I mean we had to work out way through layer upon layer of heavy music, slowly sculpting our tastes, sometimes accidentally making mistakes, until they pulled us up to Thou’s doorstep, and we feel honored to walk, hand in hand, through their garden of fused genres and styles. What’s appreciated is that they took the time to streamline their sound so we can enjoy them with great ease (for the trained ear). Also, their production is pleasant, and doesn’t tire me out even if I listen repeatedly (which I have).
What’s interesting in the song “Non-Entity is how it appears like an EP filler, yet doesn’t sacrifice any goodness, like most inbetweeners do.

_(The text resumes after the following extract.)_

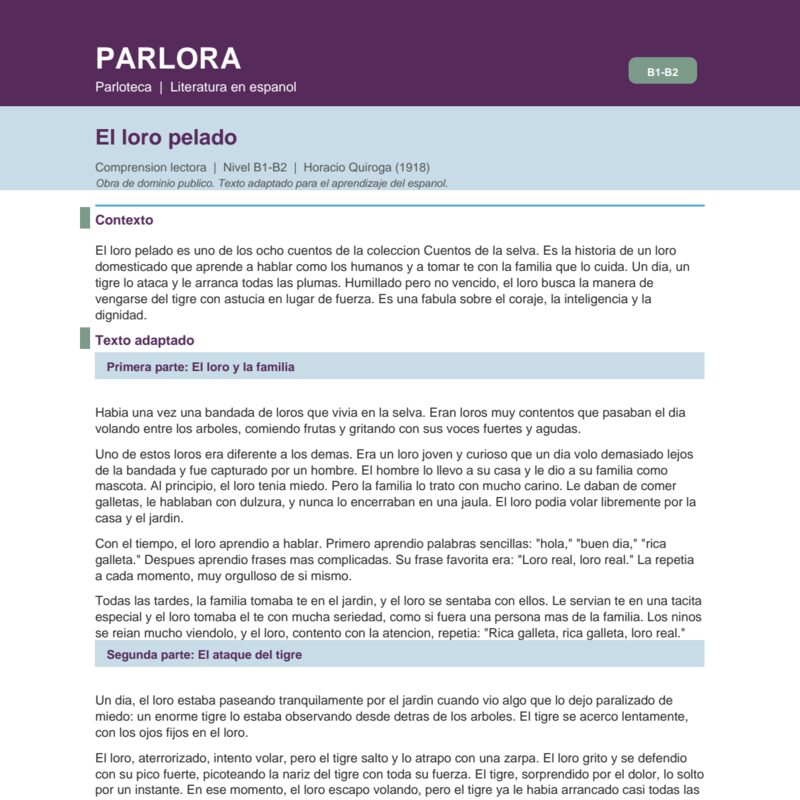 El Loro Pelado: Reading Comprehension and Vocabulary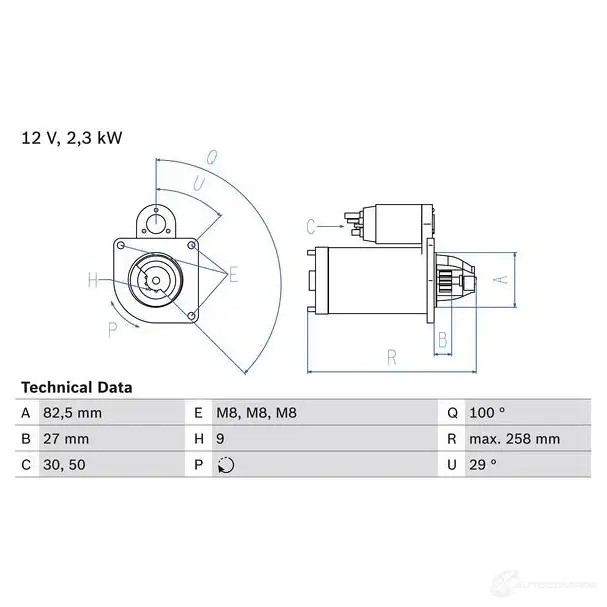 Стартер BOSCH 18 49 7UDZ2IA 331413 0986018490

Instead it works its way subtly to "Deepest Sun", the EP’s shining gem. It has the melodic chorus of a Type O Negative song, the best aspects of a radio friendly pop song mixed with the best of heavy music. Only the more sophisticated can shed enough weight in order to fully appreciate this songs genius. You have to abandon all skepticism of melody—a skepticism so rife in metal—, singing to the free mind and reveal beneath the mistrust really good melody, harmony, perfect length leaving us wanting more, with a predictable structure to boot. It’s actually too bad the song is that short.
Thou’s welcomed use of clever melody supplants a well-needed heart into such bass heavy ‘hearty’ music. This technique fits like hand in glove, and the clean vocals throw a little extra cherry on top, sweetening the whole mixture.